DOMESDAY

The Domesday Survey of 1086 contains the earliest documentary records of Ashow. The reference to ‘Asceshot’ is the first mention of the area by name. Etymologists are uncertain as to the exact meaning. Ashow (Old English AEsceshoh) could be explained as ‘AEsc’s hill-spur’. It could equally well be a ‘hill-spur characterised by ash trees’. Either way, the spelling preferred by one of its residents in 1200 was ‘Esseho’!

Domesday

Separate entries occur in Domesday for Asceshot (Ashow) and for the (now abandoned) village of Bericote on the south side of the river. Bericote is reported as having a mill worth four shillings whereas Ashow had two mills worth twenty shillings. There were ‘4 villeins and 3 bordars with 2 ploughs’ in Bericote but ‘9 villeins and 13 bordars with 4 ploughs’ in Ashow. From this it seems clear that Ashow was the larger although the very fact that it merited an entry in the Domesday Survey means that Bericote was by no means an insignificant settlement. Its size was to increase further. The Warwickshire Hundred Rolls of 1279 record 13 cottagers and 16 freemen so the total population, including family and servants, could have been as high as 80. An additional measure of importance is the presence of both a fulling mill (in which woollen cloth was processed) and a water corn-mill in Bericote in 1291

The manor and mill of Bericote, valued at 100 shillings, passed to the Crown during the reign of Henry II (1154-1189).
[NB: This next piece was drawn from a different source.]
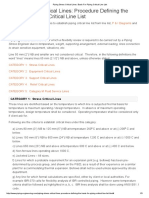 Piping Stress Critical Lines - Basis For Piping Critical Line List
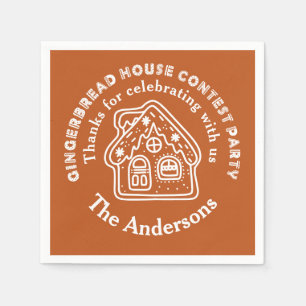 Gingerbread House Contest Party Bedankt Servet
In turn it was given by the king to his serjeant ‘in return for looking after a white hound with red ears and at the end of the year returning the hound to the king and receiving another to bring up and half a quarter of meal’!
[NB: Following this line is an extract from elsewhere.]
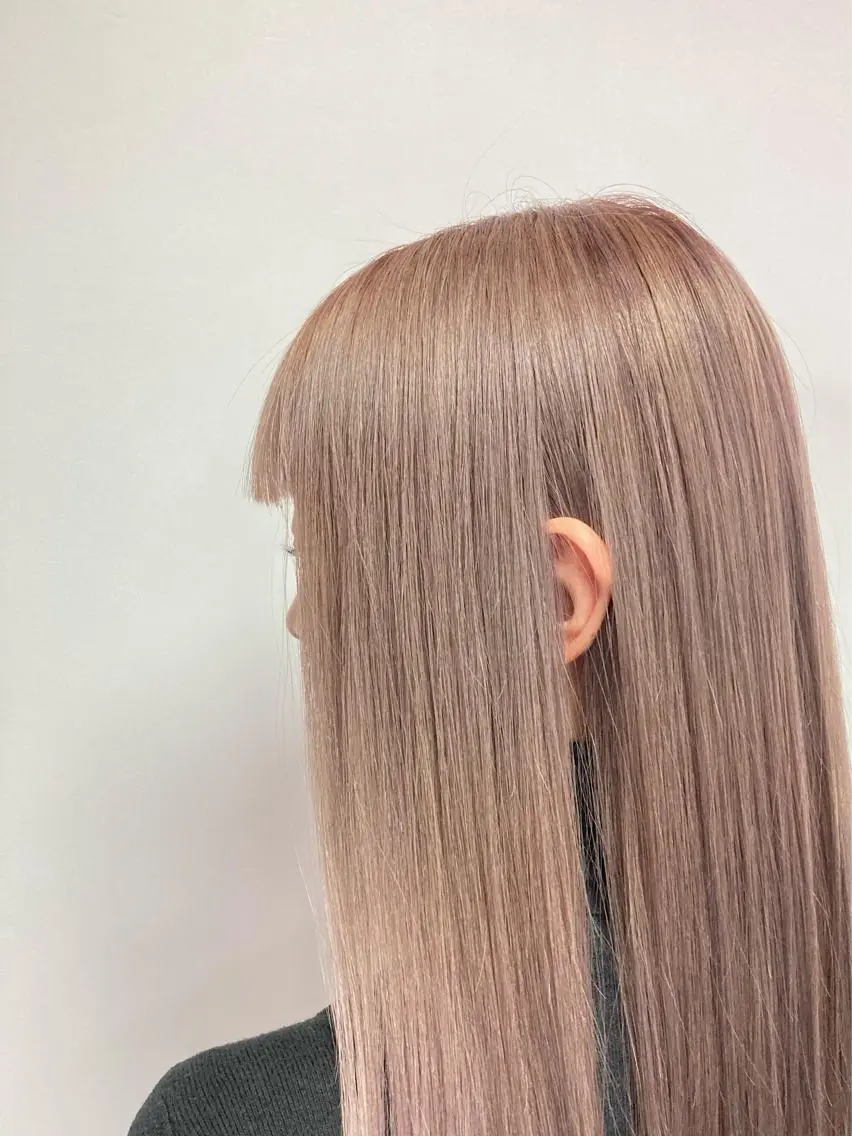 ロング カラー 前田 雄のヘアスタイル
Bericote village was abandoned by 1540. The fulling mill is known to have fallen down by 1547. Population levels in Warwickshire fluctuated widely during the fourteenth century causing instability in many settlements. One reason was the occurrences of the Black Death in 1348/9 and 1361. The frequency with which priests had to be replaced in most of the parishes of the middle Avon Valley, including Ashow, suggests that the mortality rate locally was especially high. The primary reason for rural depopulation in the fifteenth century however was land enclosure associated with the switch from arable into sheep farming. It is highly probable that this was the cause of Bericote’s demise. Certainly, all the land in Bericote had been enclosed by 1597, whereas the Ashow village side of the river was not enclosed until about 1647. The site of the former Bericote settlement is best viewed at a distance, from the junction of the southern access road to Ashow with the B4115. In winter the low sun clearly picks out the irregularities in the ground that define the street plan of the deserted village.